Humanitarian Intervention In Kosova

Background of the Conflict

Ibrahim Rugova who is the leader of the ethnic Albanians in Kosova province of Serbia started non-violant demostrations in 1989 againist the policy of the leader of the Serbia, Slobodan Milosevic who stated that the Muslim Albenians are in a sacred place for Serbs. Because Kosova is a place where Ottomans has beaten the Serbs in 1389 and Serbs gained their victory againist the Turks in 1912. And also there is a Serbian Orthodox Church in Kosova.
In 1996 Kosova Liberation Army (KLA) emerged out and they main target is Serbian police forces and also politians. The actions of the KLA inceased over time and converted to the uprising. The Yugoslavian Armed Forces tried to supress KLA activities ,however, it has drawn attantion of the international actors. The Contact Group(consist of the United States, France, Gemany, Britain, Russia and Italy) was formed as a negotiator and asked for the both sides for cease-fire. At cease-fire period KLA became a more stronger and Serbians didnt carry out the orders of the Contact Group.
In 1999 diplomatic negotiations began in a province of France called Rambouillet, however, it was frozen by the air strikes of NATO to the Serbian military forces. Serbian goverment displaced aproximately 500 000 Albanians because of the NATOs’ air strike. After 11 weeks peace were made between the sides and Serbs have left some of the regions and some of displaced albenians have come back to their homes again. UN peacekeeping forces deploye d to the Kosova.
In Kosova the level of the tension is decreased over time but never ended untill the independence of Kosova. In 2004 riots againist the Serbs again emerged out and resulted with the lives of 30 people and 4 000 displacement. In 2008 Kosova gained its Independence from Serbia. UN and United States recognize Kosova as a independent State but Serbia does not recognize.

Operation Allied Forces

With UN Security Council Resolution 1199 NATO has given responces to the crisis in Kosova.
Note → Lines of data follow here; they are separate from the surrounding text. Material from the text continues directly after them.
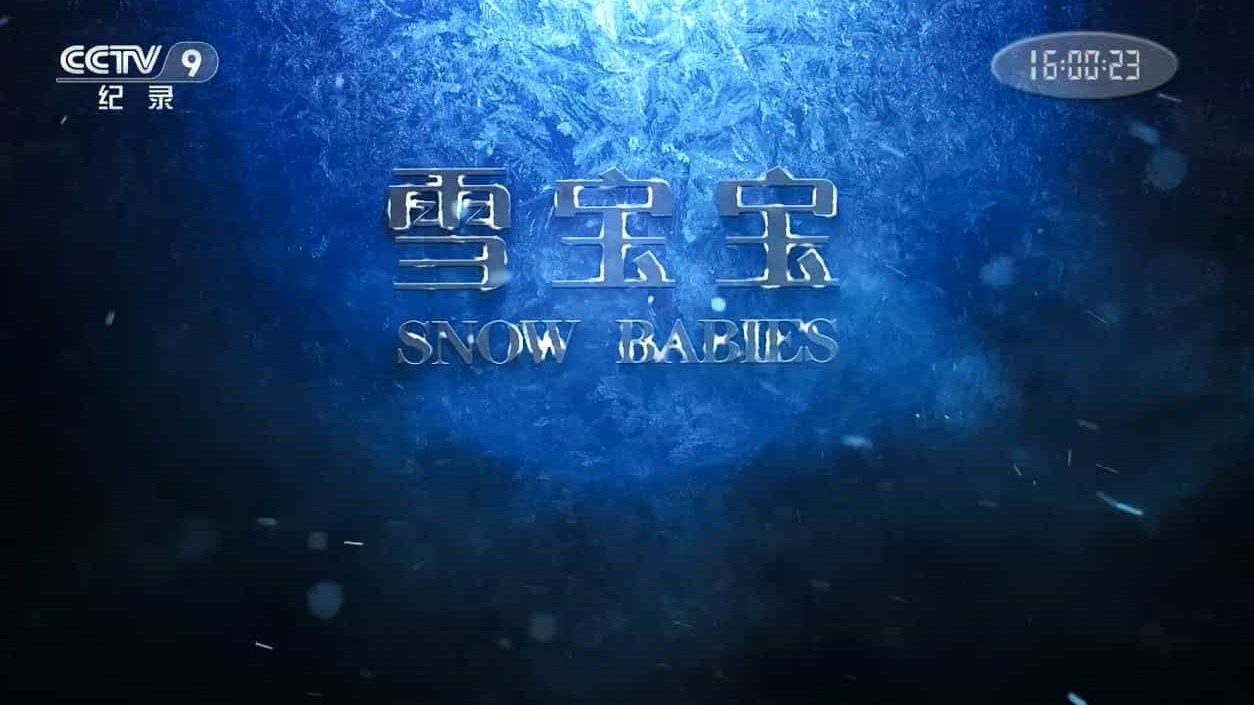 BBC纪录片/央视引进版 《雪地宝宝 Snow Babies》全1集 国语中字 720P高清网盘下载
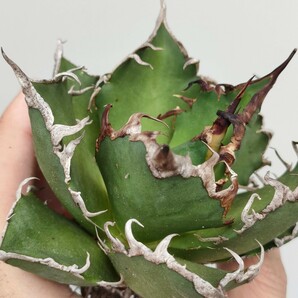 【hiiro】鉢ごと アガベ シーザー 凱撒 タイプB 子株 agave titanota caesar TC（検 チタノタ オテロイ  の画像5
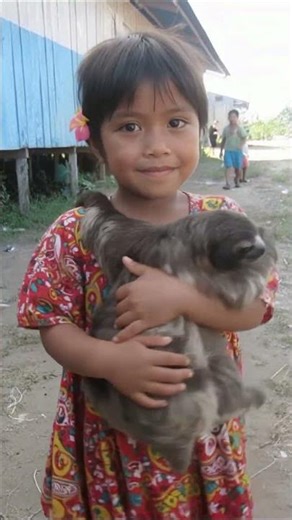 Little Girl Dancing with a Sloth | Cute & Uncommon Friendship Video #Sloth #CuteAnimals #animallove
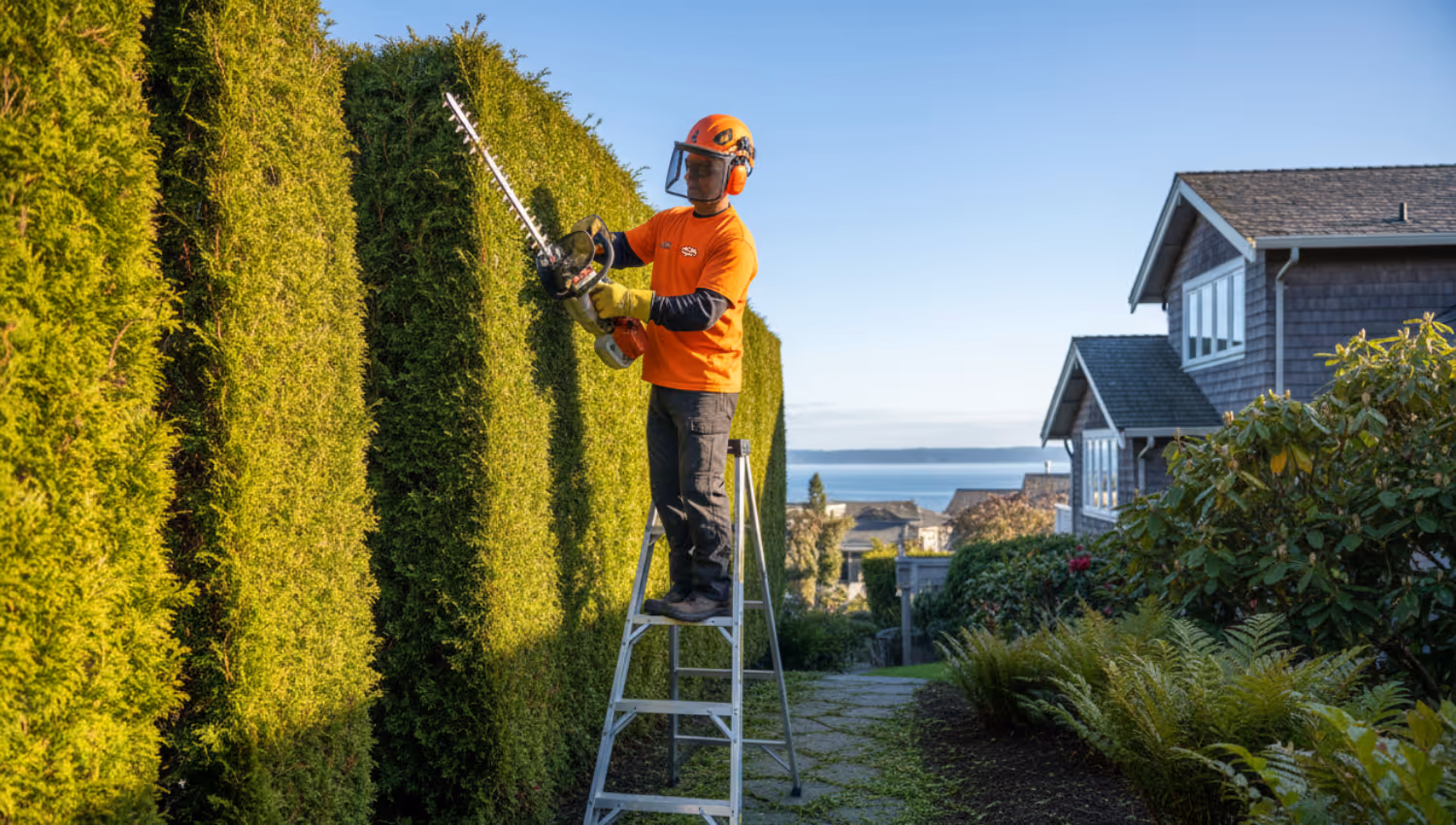 Professional hedge trimming service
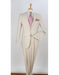 Men's Natural 2 Piece Side Vents Two Buttons Regular Fit Linen Suit - Mens Linen Suit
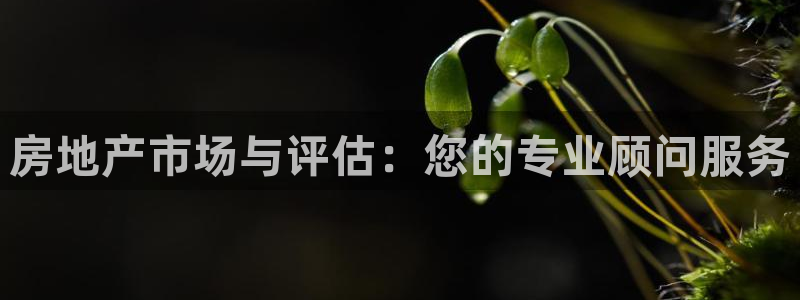 新宝5网址：房地产市场与评估：您的专业顾问服务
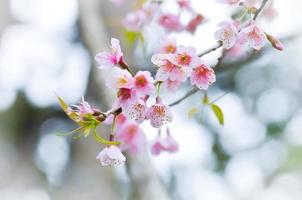 Sakura, fiore di ciliegio
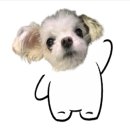 보령주교관창한우타운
The Federal Republic of Yugoslavia have thought that they would manage to take over the Kosova Liberation Army(KLA) within 10 days. And the Serbian side has never presumed the air strikes’ of NATO. Also Serbian side believe in that even if NATO launch operation againist them it would not last long because political divisions would be happened within the unity. At 1900 hours GMT on 24 March 1999, airstrike againist to the Federal Republic Of Yugoslavia has launched as a part of the Operation Allied Force. The aim of the airstrikes are these which Former Yugoslavia sought to:
Repression and conlict in Kosovo also military actions would be ended imediately;
To provide withdrawal of Serbian military forces, paramilitary forcesand police forces from Kosovo;
There will be an agreement about an international military presence would be deployed in Kosova;
Also accoring to agreement refugees and displaced people would be returned to their home again and humanitarian aid would not be perevented from them.
Provide credible assurance of Serbian willingness to work on the basis of the Rambouillet Accords in the establishment of a political framework agreement for Kosovo in conformity with international law and the Charter of the United Nations.
The air strikes would be prepared to suspend by NATO only if Serbs withdraw its forces from Kosova and fulfill the obligaitons above. Also Serbian forces withdraw from Kosova where an international military forces will be deployed to defence and guard the area and demilitarization of the region of Kosova will be made.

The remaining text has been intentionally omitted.